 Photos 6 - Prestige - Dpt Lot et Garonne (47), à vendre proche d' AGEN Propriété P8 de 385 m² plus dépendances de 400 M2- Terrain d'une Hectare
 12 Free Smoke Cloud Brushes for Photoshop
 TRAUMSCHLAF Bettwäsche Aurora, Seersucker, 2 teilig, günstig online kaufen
--
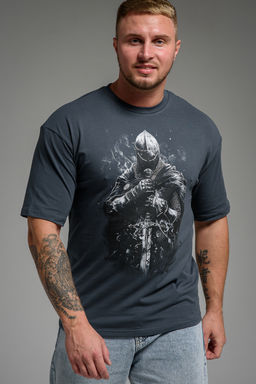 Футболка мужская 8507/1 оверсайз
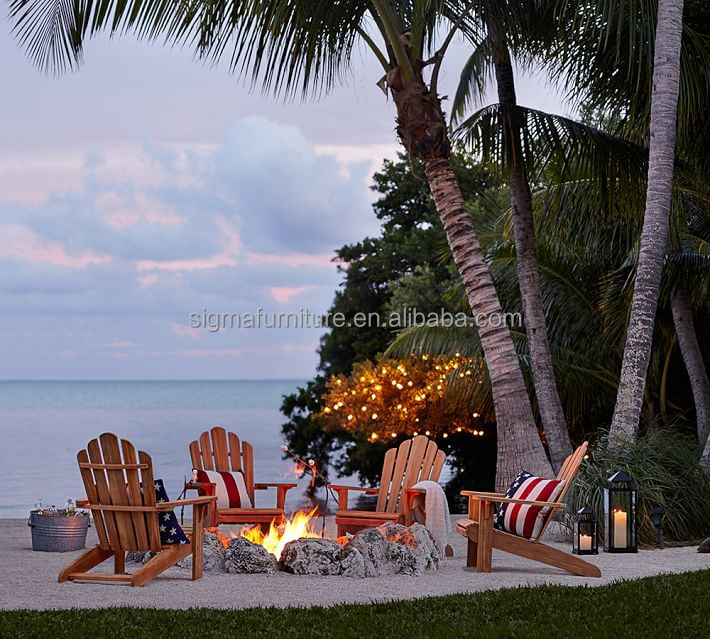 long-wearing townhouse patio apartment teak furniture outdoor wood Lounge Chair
--
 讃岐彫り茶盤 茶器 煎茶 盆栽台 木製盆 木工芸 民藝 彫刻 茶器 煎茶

Work request
Reproduce exactly, and with no other material, the lines between those holding "12 Free Smoke Cloud Brushes for Photoshop" and "TRAUMSCHLAF Bettwäsche Aurora, Seersucker, 2", inclusive.

Solution for this problem
 12 Free Smoke Cloud Brushes for Photoshop
 TRAUMSCHLAF Bettwäsche Aurora, Seersucker, 2 teilig, günstig online kaufen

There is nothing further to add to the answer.